FWIW: a comparison of beam coverage between 2 EA41s vs 1 EA81 is interesting. 

Skipping the accident of how I wound up with 2 EA41 lights, I had been using the EA41s together as a 'poor man's' longer-range light. I like the general beam coverage of the EA41s and especially the smaller more portable size of the EA41. Generally most of the ~1000 lumen lights have a beam with adequate spill/spot, but the range is a bit short for the ranges possible on my daily walks. I do not want all flood, nor all throw. My ranges are limited to the distances that I can still identify the moving animal in mixed (open woods w/road or path) terrain, which is generally under ~200 meters. 

The EA81 does have a noticeable doughnut hole, and it is visible in normal use, same as the earlier version of that 8xAA light from Nitecore, the EA8. I had that light and gave it away - the range was OK, but not bright enough. The EA81 satisfies my range and brightness wants. The size of the EA81 doughnut hole seems to be smaller than the EA8 had and it can be ignored in actual use. 

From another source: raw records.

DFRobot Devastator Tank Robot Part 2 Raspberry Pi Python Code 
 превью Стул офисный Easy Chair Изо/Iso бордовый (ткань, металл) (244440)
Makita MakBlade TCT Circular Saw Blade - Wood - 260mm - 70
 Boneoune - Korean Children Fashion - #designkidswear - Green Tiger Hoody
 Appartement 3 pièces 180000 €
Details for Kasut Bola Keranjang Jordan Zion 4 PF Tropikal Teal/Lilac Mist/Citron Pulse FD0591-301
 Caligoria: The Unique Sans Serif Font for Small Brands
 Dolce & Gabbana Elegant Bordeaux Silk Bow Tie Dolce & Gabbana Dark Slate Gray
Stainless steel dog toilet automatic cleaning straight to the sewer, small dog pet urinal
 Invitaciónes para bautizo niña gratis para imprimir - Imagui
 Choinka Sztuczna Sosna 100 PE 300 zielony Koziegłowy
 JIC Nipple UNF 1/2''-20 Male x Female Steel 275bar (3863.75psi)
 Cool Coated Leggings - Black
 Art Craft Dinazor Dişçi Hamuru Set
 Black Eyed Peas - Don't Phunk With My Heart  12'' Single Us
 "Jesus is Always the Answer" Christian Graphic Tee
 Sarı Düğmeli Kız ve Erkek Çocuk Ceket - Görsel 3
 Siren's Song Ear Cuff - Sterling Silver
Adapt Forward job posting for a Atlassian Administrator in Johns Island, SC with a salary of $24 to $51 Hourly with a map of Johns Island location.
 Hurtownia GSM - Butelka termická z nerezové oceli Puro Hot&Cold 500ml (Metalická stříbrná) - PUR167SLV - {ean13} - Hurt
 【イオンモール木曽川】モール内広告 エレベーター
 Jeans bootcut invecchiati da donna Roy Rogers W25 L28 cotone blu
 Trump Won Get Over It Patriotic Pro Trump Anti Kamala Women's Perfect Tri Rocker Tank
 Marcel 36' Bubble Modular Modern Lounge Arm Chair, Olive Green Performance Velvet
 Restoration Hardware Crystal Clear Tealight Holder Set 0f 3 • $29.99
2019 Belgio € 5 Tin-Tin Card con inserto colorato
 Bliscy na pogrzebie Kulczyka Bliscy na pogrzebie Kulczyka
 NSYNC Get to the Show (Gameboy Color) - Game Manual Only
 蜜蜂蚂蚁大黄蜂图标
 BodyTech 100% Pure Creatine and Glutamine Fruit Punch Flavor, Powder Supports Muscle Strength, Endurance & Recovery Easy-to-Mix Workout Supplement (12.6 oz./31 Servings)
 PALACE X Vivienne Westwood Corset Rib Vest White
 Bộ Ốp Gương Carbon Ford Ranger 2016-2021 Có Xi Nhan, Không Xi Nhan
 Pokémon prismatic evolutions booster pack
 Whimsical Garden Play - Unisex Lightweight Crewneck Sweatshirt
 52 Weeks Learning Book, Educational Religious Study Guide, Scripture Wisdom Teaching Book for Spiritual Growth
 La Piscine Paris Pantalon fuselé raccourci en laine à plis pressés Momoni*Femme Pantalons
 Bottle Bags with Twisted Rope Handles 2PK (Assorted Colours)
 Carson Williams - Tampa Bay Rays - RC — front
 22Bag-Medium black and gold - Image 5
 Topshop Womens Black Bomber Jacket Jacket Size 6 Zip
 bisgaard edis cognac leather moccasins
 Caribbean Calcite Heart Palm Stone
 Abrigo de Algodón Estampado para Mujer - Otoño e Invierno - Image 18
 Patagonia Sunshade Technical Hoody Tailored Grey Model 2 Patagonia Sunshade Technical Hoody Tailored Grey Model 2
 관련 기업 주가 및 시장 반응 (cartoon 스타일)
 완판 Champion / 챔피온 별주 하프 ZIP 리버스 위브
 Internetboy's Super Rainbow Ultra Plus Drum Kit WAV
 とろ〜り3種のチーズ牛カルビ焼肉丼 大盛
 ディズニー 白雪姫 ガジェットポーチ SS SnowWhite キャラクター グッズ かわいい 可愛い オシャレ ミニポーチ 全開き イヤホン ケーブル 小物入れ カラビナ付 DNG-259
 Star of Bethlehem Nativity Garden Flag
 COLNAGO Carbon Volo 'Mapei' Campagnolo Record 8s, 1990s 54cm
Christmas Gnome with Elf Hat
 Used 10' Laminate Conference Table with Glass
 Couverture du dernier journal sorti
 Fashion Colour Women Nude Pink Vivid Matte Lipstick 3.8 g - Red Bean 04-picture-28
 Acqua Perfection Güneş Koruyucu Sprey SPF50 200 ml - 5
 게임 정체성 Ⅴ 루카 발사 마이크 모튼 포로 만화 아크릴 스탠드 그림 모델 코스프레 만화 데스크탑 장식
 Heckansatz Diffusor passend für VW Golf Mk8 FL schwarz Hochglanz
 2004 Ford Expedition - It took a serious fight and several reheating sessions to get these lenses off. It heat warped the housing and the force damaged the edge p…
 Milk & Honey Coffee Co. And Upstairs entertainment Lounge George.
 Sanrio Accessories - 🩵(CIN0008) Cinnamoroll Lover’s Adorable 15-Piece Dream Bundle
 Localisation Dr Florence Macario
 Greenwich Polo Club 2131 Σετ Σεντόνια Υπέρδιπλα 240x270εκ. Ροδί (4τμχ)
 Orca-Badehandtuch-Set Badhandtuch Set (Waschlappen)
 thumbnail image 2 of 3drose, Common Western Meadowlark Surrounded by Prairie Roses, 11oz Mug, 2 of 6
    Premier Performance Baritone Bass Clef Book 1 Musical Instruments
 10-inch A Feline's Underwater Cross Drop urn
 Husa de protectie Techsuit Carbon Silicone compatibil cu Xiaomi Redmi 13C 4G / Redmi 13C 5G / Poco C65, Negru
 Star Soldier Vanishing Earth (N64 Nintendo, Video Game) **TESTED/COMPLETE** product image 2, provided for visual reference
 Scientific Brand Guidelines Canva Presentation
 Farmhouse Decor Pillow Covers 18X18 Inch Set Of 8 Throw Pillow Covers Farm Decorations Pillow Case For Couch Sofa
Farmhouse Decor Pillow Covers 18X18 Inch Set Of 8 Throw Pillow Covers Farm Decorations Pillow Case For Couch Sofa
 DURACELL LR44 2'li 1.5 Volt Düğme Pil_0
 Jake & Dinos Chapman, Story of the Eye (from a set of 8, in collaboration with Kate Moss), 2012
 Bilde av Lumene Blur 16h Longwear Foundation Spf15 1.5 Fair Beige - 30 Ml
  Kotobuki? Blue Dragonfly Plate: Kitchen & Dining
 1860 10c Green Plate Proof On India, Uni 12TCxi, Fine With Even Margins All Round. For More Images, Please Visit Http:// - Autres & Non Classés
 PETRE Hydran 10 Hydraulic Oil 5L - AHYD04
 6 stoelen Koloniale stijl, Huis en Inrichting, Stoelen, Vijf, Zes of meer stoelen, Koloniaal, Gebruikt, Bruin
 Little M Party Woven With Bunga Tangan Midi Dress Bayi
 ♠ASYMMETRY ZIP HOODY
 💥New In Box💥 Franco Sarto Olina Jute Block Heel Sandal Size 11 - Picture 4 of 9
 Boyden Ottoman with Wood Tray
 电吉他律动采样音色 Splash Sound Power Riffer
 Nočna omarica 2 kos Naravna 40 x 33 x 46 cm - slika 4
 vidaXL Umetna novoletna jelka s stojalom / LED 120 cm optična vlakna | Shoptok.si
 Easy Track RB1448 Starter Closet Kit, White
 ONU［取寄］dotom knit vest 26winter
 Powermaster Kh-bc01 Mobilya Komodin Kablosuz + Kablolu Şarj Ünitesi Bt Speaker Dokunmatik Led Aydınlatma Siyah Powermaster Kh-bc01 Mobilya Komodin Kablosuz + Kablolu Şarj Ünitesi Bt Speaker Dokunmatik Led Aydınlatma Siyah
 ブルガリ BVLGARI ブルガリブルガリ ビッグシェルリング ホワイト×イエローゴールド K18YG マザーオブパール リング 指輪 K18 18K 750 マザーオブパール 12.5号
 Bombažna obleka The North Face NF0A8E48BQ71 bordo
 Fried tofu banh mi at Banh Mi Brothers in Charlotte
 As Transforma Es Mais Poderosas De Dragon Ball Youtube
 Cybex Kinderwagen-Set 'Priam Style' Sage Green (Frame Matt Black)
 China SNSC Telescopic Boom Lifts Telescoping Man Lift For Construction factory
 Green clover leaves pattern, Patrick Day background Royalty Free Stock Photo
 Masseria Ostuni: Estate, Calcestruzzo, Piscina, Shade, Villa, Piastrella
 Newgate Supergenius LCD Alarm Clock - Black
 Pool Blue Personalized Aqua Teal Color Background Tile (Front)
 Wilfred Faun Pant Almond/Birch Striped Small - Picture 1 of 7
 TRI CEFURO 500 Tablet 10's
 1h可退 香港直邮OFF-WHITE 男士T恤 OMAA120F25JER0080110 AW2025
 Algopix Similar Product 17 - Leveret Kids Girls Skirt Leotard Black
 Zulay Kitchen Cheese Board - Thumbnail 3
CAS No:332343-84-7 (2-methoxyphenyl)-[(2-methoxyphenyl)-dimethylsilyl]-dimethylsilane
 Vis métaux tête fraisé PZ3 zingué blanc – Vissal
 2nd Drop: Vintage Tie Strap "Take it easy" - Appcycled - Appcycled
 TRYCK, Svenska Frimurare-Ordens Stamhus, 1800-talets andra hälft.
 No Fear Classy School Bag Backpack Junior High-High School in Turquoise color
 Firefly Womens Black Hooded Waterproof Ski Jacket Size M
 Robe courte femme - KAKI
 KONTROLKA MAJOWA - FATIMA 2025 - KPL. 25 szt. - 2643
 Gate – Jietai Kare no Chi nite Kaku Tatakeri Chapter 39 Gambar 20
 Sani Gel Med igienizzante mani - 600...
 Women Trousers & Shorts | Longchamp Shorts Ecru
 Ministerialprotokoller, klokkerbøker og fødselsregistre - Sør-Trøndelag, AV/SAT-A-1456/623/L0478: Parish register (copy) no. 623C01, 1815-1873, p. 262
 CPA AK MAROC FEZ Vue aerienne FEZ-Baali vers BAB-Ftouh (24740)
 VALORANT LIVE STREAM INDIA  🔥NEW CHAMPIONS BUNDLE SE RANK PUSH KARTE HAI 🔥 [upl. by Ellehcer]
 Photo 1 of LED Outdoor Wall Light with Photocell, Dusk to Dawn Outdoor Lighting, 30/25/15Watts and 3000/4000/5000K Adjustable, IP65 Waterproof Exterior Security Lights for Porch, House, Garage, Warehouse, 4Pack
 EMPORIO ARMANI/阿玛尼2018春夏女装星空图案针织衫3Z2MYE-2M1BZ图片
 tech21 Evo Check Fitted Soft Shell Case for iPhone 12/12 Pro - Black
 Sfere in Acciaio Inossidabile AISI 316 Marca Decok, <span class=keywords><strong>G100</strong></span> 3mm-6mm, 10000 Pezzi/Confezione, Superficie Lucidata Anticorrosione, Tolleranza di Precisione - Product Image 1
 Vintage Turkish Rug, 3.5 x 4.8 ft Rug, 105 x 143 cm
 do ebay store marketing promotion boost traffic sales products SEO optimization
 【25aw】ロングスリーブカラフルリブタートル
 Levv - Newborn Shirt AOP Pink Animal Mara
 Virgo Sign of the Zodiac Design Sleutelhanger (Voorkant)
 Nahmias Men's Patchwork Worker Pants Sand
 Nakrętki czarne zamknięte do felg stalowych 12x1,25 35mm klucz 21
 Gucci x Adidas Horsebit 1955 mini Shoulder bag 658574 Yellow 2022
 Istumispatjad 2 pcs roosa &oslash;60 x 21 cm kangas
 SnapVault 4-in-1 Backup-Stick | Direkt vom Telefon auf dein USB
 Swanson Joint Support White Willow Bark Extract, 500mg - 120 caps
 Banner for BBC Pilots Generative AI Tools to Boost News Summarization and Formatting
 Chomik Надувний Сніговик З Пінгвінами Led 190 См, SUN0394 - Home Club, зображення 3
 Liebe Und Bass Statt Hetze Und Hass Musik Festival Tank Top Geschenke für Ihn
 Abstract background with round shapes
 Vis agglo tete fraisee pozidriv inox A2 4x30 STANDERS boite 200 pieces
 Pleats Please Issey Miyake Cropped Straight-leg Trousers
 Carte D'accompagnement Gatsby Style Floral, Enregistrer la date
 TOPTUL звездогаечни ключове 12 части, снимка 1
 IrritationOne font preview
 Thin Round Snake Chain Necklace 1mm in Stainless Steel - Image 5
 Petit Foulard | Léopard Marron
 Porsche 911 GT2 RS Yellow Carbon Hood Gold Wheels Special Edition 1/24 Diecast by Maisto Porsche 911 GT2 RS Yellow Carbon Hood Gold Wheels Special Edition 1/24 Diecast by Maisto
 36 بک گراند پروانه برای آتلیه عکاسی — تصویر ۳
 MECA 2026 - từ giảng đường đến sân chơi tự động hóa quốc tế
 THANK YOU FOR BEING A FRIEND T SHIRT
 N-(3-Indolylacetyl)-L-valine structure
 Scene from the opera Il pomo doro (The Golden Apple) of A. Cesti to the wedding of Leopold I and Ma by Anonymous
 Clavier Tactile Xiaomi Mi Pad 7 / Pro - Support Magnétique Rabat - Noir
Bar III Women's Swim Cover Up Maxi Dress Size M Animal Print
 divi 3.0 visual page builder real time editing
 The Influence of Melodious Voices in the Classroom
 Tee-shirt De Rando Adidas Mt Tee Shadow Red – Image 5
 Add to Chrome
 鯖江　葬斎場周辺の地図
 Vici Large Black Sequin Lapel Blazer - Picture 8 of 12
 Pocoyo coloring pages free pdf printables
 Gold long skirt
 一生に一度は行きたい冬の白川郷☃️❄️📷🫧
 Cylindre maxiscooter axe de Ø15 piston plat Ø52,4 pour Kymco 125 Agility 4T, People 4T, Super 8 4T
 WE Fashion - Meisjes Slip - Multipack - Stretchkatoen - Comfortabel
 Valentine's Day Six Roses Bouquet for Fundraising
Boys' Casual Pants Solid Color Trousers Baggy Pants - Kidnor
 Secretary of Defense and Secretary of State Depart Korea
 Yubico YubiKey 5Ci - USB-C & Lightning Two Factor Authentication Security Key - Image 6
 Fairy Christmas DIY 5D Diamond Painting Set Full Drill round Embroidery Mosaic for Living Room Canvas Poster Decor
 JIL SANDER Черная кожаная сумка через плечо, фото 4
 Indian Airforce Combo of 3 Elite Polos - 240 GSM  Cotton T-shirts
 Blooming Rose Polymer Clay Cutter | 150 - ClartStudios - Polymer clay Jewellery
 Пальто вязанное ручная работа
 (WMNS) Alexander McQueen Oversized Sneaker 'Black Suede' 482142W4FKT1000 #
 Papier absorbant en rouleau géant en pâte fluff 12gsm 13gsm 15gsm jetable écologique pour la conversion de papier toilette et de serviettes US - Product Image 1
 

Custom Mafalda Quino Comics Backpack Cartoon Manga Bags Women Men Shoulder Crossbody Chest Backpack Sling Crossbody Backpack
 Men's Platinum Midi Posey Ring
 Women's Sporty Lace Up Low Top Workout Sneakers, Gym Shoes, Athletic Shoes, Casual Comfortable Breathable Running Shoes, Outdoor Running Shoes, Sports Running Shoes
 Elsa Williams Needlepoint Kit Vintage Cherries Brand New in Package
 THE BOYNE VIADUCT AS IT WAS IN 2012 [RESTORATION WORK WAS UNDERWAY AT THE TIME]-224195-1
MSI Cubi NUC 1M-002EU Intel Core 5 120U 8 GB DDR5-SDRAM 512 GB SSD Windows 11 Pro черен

Using treetops (evergreen and deciduous) at distance of ~100+ meters as my target, the EA81 gives a broader and somewhat brighter spot than 2x EA41s, doughnut hole notwithstanding. The EA81 beam is broad enough to not need to sweep the terrain to find the noise or whatever movement. The brightness in the broad spot is sufficient over the larger distance to find animals. Using 2x EA41s is advantageous for shorter ranges between 50-100 meters in that two beams not pointed to the same spot can find the subject such as a deer moving thru the mixed woods & road terrain perhaps faster than a single EA81, but YMMV. Depends on the density of the woods any path/road curvatures.


----------



## moldyoldy (Nov 5, 2015)

In Germany, turning on a 2000-3000+ lumen flooder in most walking areas would most likely invoke a visit from the Polizei. ie: only along the Main-Donau Kanal could a flooder be useful. The need in most suburban/urban areas of Germany that I live in around Nürnberg is for a narrower beam with several lumen output options.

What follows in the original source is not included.